Entre la crítica se habla de Nuestro tiempo como una limitada reflexión sobre la hombría en crisis que expresa más un deseo de consolar al protagonista que de atacarlo. No estoy de acuerdo, considerando la frecuencia con que Juan resulta patético, pero sí creo que la desnudez de López la vulnera más a ella de lo que los berrinches exponen al personaje de Reygadas. En su corto de Alemania en el otoño Fassbinder escandalizó a sus colegas apareciendo desnudo y decadente en su departamento mientras escribía Berlin Alexanderplatz (1980). Juan, al contrario, no se desviste más que del alma. Sin embargo me parece significativa la escena donde Ester descubre la carta que él le mandó a su amante. “Yo siempre estuve fuera de esto”, le reclama ella, “tú manejaste los hilos”. ¿Le habla a Juan, o también a Reygadas? Imposible afirmarlo, pero es quizá la pista de una decisión que ya nos sugiere el tiempo de cada personaje en pantalla.

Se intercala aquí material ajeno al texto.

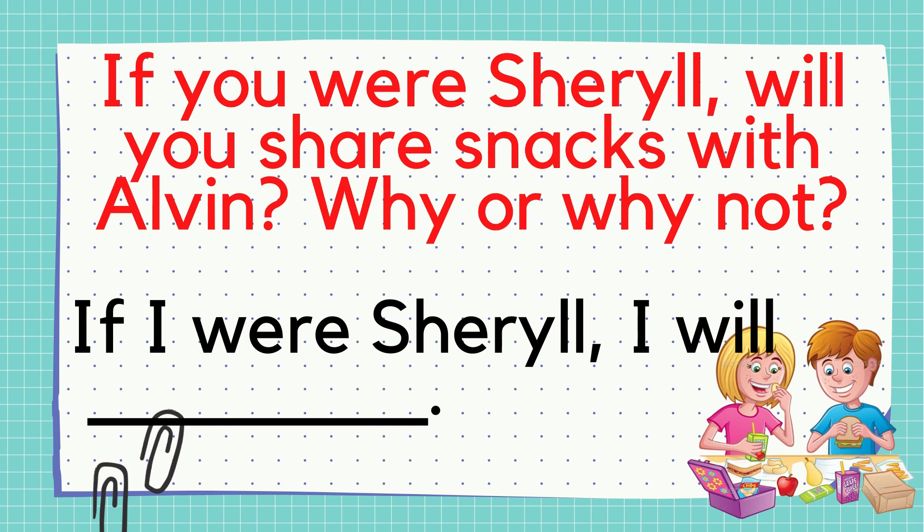Next, number 3: If you were Cheryl, will you share snacks with Alvin? Why or why not? Give me your answer! Really well! Please write your answer now!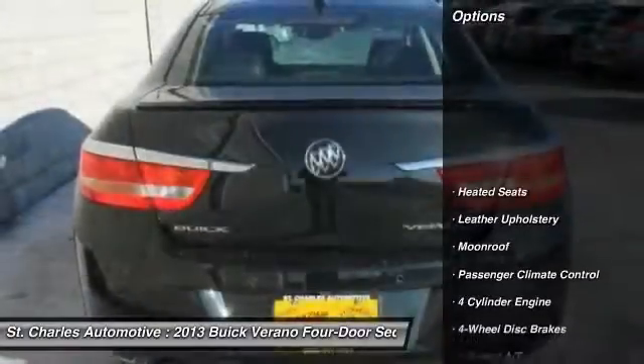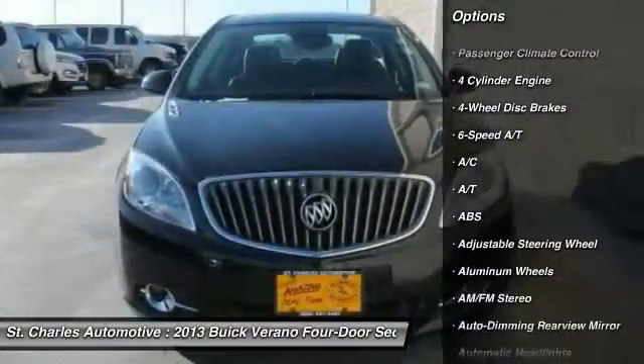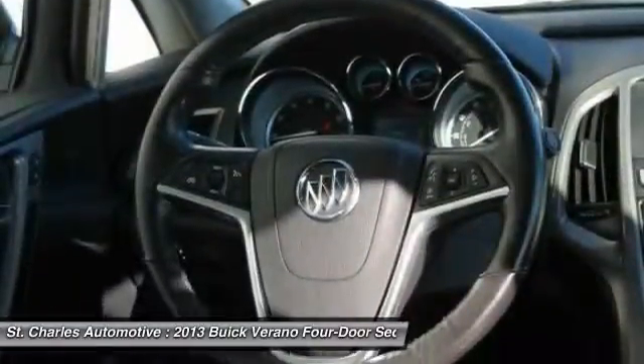Here are some of this vehicle's great options: steering wheel audio controls, stability control, remote engine start, backup camera, heated seats, anti-lock braking system, keyless entry, traction control, moonroof, Bluetooth.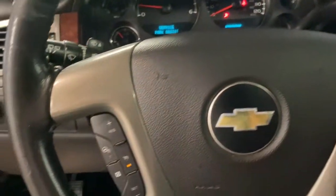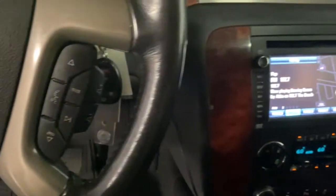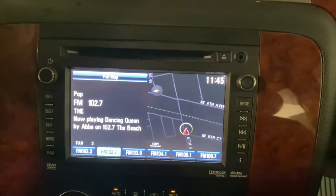Navigation system, aluminum wheels, electronic stability control, seat memory, trip computer, bucket seats, power windows, four-wheel disc brakes, and power steering.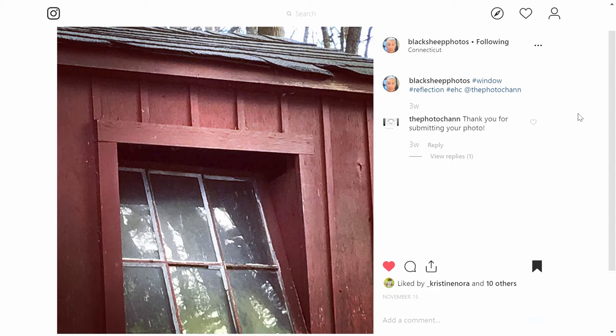Our next picture comes from Black Sheep Photos. It's titled hashtag window, hashtag reflection, hashtag EHC. Focusing on the picture, there's a lot of red in here for sure. There's an interesting contrast between the red and the reflections on the glass of the window — there's quite a bit of green, and it's a nice contrast. There are also some white streaks in the window from the window framing itself. Overall it's a pretty interesting image. If I had to give any advice: even though this appears to be digitally zoomed or cropped, I would suggest cropping just a little bit further, because the top right of the image shows trees and sky that are just enough to be distracting. Cropping would give the image a little extra sense of focus. Overall though, I appreciate this one. Thank you, Black Sheep Photos.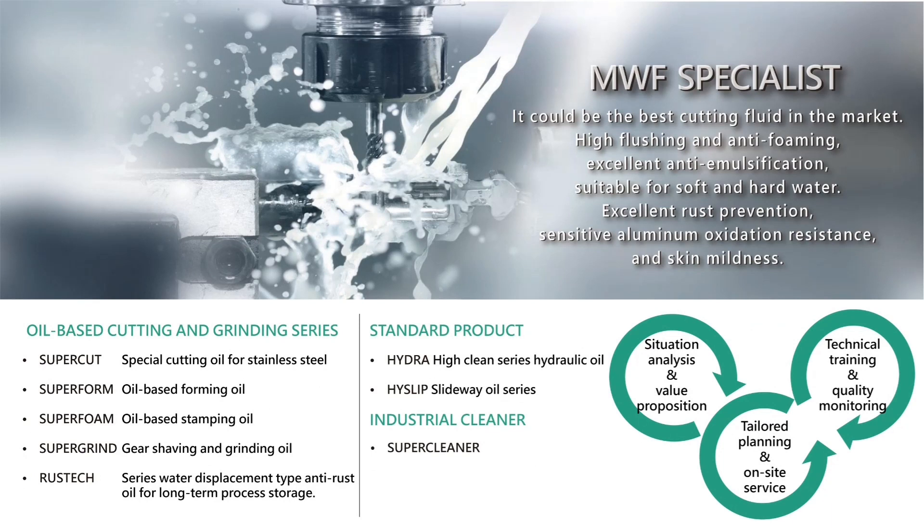MCM also has oil-based cutting and grinding fluid series, slideway oil, and industrial cleaner, able to supply any processing fluid demand in the factory.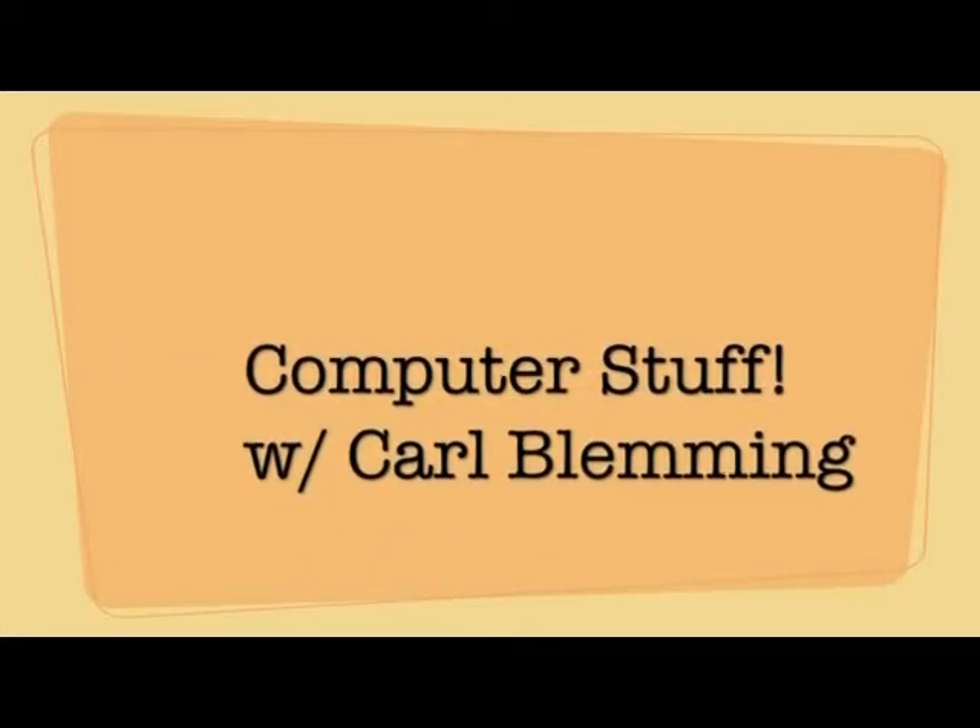It's Computer Stuff with Carl Blemming. I received a comment on one of my old videos about this old Apple Clamshell iBook from a YouTuber named blingbling826. They asked me what is Bon Echo and how does YouTube perform on this old 10-year-old computer.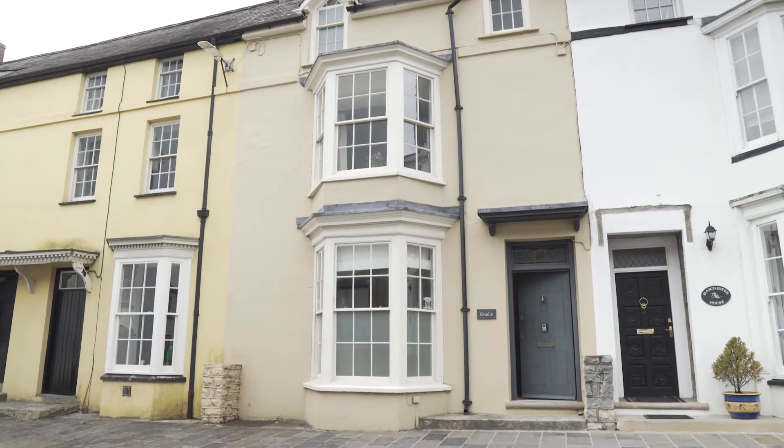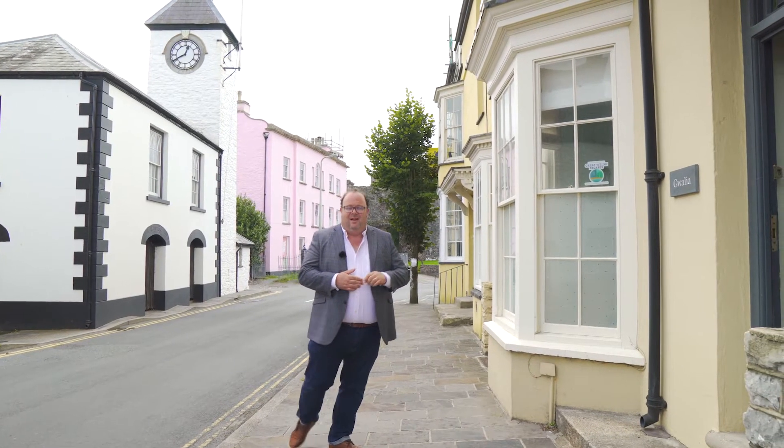Joining me here in the fabulous township of Larne, this fantastic property I'm going to show you today is spread over four floors, has a medieval basement and some fantastic rooms absolutely full of character, but has been refurbished to the highest of standards. Let's take a look around.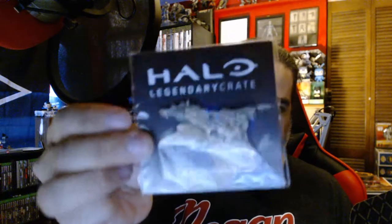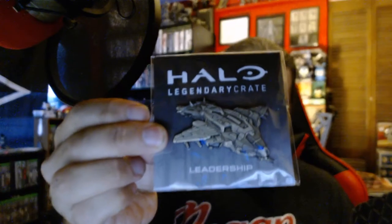Right off the bat we have the Halo Icons figure, which is Carter from Halo Reach. I'm wondering if they're going to do each of the members of Noble Team. We got the leadership pin next, which is awesome. Then we have a t-shirt which is 'Property of the UNSC Spartan Program Athletic Department.' I love how they get original with some of these — I'd actually work out in this.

Resaltado ya lo discutible, hay que celebrar lo asombroso. Como en otras películas de Reygadas, el énfasis de la realización está en lo sensual. Fascinado por la naturaleza, el director intenta no una representación de ella sino lo imposible: invocar su presencia. En la poesía violenta de un toro encabritado nace un símbolo de la brutalidad, mientras que en las lágrimas de los protagonistas Reygadas nos trae un dolor extático. El contraste entre los interiores y el campo es evidente en tomas un poco más convencionales de salas y habitaciones, pero esta decisión parece reflejar el desprecio por una vida en cautiverio. Sin embargo un paseo por Bellas Artes o por las entrañas de un auto nos reflejan la voluntad de la omnipresencia. Reygadas aspira a mirarlo todo. En imágenes y sonidos del exterior se libera el mundo de sensaciones: los árboles que se doblan bajo la mano del viento como el pelaje de un gato; la ciudad se abre como un misterio submarino bajo la mirada inerte de un avión. Aunque Reygadas no abarque los misterios de la hombría, su mirada posee ante el mundo la sensibilidad de lo divino.